Stodoła uległa całkowitemu spaleniu, a w budynku mieszkalnym częściowemuzniszczeniu uległo poszycie dachu a w związku z akcją gaśniczą uszkodzeniu uległo również wyposażenie budynku.
W domu tym zamieszkiwał 60-latek wraz z swoją siostrzenicą, która była właścicielką posesji i jej trójką dzieci.
– Policjanci ustalili, że przed zdarzeniem mężczyzna groził swojej siostrzenicy spaleniem budynków, a następnie oblał stodołę substancją łatwopalną i doprowadził do pożaru. 60-latek został zatrzymany. Był on nietrzeźwy – badanie wykazało 2 promile alkoholu w organizmie – mówi asp. Jolanta Batko, rzecznik KPP Limanowa.
Mężczyzna został osadzony w pomieszczeniach zatrzymanych w limanowskiej komendzie. Zebrany materiał dowodowy pozwolił na przedstawienie mu zarzutu gróźb karalnych oraz uszkodzenia mienia znacznej wartości.
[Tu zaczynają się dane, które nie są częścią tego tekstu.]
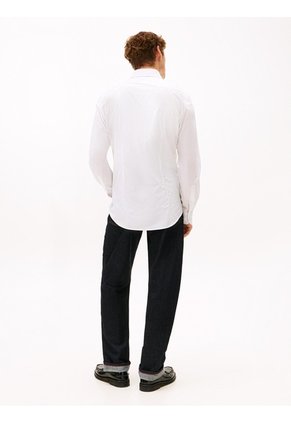 Camisa Blanca Slim Flex Con Textura Dobby Tommy Hilfiger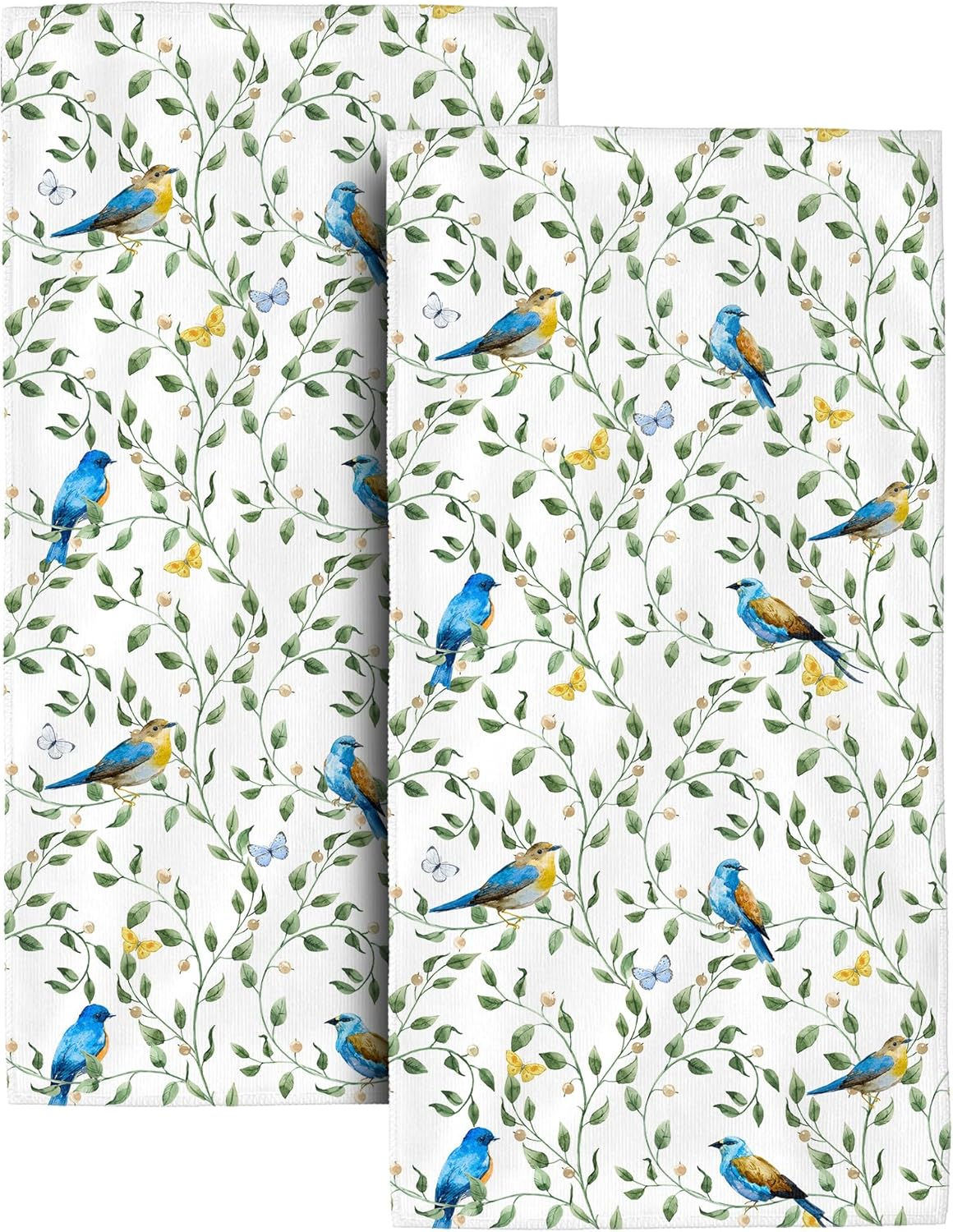 Bird Bath Hand Towels Set of 2 Soft Absorbent Garden Decorative Hand Towels for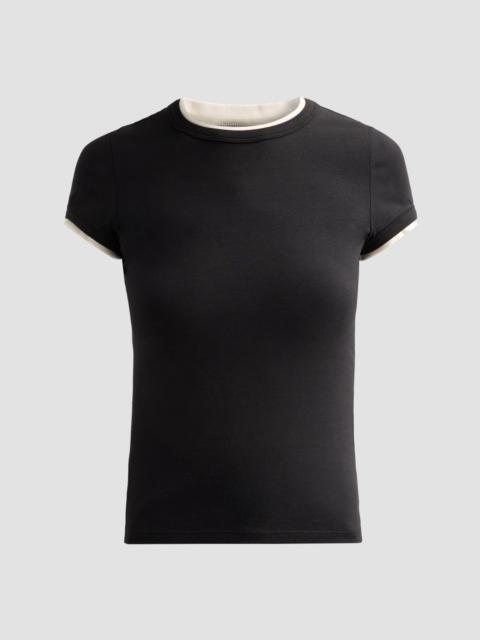 VERONICA BEARD Women's Devin Stretch-Cotton T-Shirt - Black Ecru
Podejrzany umyślne oblał wnętrza budynku gospodarczego łatwopalną cieczą, po czym podpalił ją doprowadzając do pożaru zabudowań gospodarczych i mieszkalnych i powodując straty w kwocie około 350 000 złotych.
– Sąd Rejonowy w Limanowej zastosował wobec podejrzanego środek zapobiegawczy w postaci tymczasowego aresztowania na okres trzech miesięcy. Mężczyźnie grozi kara do 10 lat pozbawienia wolności – dodaje J. Batko.
Wczoraj druhowie miejscowej jednostki pomagali domownikom w porządkowaniu miejsca, gdzie doszło do pożaru.